What would be the impact of CAS, whenever it comes through, on your subscription revenues?

The entire landscape of the business is set to change with CAS, DTH and broadband delivery over the next three years. As a news broadcaster with `must-watch or must-have' channels, this development should have a significant positive impact on our business model as subscription revenues start becoming drivers for our business.

At present, we realise only 10-15 per cent of our potential subscription revenue. Further, it will impact our growth plans too since channel viability will rest on twin pillars of subscription and advertising unlike the one-legged hop all broadcasters have to suffer through today.

Beyond this, other avenues such as mobile, non-linear TV, IPTV are emerging as sources of revenues.

Are you eyeing any acquisitions? What are your future growth plans?

We are always on the look out for inorganic modes to grow our business. Historically, most of our growth has come from inorganic acquisitions of businesses or teams. One of our keys to success is the fact that we've been able to integrate and scale up acquired businesses rapidly. We'll continue on this path.

What are your Internet plans? What is the kind of growth you expect here?

Between moneycontrol.com and ibnlive.com, we are the leading financial and general news portals in the country. We expect to expand rapidly and the way forward will be to build and nurture online communities across various content areas.

Our entry into the online travel space (yatra.com) and the recruitment space (jobstreet.com) are a few indicators of the direction we are taking. We are on the verge of clinching a few more acquisitions in the Internet space. Like in the TV business, our Internet business will also be propelled by inorganic growth followed by a massive scaling up exercise.

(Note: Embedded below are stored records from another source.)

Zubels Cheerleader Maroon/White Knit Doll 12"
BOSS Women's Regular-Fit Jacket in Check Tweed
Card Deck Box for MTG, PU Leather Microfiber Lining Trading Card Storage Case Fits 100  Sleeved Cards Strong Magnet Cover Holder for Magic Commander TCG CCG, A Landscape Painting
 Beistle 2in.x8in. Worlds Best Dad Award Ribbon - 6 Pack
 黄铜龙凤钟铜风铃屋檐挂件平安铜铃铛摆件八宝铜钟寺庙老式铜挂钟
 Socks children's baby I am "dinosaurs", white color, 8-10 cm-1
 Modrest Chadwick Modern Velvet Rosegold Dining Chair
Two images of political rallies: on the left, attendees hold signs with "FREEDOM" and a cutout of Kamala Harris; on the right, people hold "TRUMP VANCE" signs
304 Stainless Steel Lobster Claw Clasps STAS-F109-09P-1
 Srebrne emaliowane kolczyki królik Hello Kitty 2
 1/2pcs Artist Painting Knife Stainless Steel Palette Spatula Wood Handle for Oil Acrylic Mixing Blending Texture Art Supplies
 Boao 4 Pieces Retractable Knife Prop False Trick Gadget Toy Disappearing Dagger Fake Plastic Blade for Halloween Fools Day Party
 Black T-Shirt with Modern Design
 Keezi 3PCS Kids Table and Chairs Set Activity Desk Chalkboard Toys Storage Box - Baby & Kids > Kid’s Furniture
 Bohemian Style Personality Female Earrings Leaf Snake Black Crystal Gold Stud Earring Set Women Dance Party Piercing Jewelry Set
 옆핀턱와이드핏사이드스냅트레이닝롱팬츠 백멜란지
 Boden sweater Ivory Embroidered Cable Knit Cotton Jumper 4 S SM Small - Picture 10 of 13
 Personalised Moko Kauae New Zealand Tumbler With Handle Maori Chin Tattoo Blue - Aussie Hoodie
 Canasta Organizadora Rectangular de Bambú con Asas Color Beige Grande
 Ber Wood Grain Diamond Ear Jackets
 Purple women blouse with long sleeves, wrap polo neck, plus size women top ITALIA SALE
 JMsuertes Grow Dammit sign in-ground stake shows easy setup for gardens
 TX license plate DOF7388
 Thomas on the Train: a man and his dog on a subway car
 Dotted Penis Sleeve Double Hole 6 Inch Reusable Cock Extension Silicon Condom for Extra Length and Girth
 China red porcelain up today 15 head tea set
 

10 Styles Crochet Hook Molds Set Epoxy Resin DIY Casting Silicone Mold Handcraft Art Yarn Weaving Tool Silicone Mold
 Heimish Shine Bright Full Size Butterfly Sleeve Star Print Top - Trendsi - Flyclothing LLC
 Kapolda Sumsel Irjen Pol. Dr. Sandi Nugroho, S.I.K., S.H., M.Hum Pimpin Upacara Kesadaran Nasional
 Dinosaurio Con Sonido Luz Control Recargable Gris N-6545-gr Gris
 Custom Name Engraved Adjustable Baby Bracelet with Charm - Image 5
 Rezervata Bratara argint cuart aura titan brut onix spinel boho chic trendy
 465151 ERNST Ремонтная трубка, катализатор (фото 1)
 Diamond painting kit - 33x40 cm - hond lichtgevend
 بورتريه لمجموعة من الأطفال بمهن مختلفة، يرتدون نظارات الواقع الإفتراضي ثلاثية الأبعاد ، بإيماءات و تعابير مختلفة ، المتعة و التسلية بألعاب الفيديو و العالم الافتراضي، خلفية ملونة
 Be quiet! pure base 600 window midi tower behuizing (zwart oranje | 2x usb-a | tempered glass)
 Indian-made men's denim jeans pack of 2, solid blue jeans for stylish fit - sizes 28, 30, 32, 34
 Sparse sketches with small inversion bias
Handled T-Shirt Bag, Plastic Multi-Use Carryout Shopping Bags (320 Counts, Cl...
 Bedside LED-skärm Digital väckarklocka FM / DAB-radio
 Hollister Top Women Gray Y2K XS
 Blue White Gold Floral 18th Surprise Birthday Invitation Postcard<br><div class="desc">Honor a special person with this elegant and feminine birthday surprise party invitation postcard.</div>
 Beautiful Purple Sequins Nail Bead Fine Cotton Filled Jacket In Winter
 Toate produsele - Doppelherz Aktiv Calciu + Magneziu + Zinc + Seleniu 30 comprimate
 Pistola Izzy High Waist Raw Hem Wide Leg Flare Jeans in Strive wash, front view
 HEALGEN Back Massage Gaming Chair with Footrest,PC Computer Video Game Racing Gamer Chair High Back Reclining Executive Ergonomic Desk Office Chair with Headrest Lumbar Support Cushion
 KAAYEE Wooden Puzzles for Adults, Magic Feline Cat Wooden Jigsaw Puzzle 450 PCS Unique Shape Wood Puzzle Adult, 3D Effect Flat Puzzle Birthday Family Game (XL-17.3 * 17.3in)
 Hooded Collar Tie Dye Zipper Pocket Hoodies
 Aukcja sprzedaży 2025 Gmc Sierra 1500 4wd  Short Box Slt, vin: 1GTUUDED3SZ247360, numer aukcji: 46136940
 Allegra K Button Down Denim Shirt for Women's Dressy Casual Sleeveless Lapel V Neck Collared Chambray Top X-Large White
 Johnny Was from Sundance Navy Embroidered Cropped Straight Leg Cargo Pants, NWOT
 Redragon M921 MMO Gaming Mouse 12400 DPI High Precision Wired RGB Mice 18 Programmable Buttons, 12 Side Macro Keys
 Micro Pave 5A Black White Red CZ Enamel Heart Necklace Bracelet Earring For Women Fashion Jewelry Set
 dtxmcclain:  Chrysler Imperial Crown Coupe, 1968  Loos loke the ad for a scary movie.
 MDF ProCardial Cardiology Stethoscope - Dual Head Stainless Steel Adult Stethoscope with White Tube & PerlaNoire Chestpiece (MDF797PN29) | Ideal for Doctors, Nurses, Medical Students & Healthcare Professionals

Going forward, we expect the TV-Internet combination to be an effective tool for building communities and for offering solutions to advertisers. I would not be surprised if, one year down the line, we are known as much for our Internet properties as we are today for our TV properties.

We've done over $1mn in revenues from our Internet businesses in the last two quarters. The revenue stream, though only comprising about 10 per cent of our topline, has grown by over 400 per cent since last year.

We expect this kind of momentum to continue. Our spends on these businesses is marginal compared to competition since we have a large television franchise and thus our customer acquisition costs are minimal.

Could you throw some light on the restructuring?

We have received the High Court approval for our restructuring and expect the exercise to be completed in the next 6-8 weeks. All our Internet businesses have been spun off into a single entity - Web18.

Three years down the line, how do you see the revenue mix of the two key companies?

I believe that the entire industry is headed for a re-rating of its business model. I expect that in the next 3-4 years we will garner anywhere between 30-35 per cent of overall topline from subscription revenues (in absolute terms it may go up by 4-5 times), about 50 per cent from advertising and the balance from the Web services business.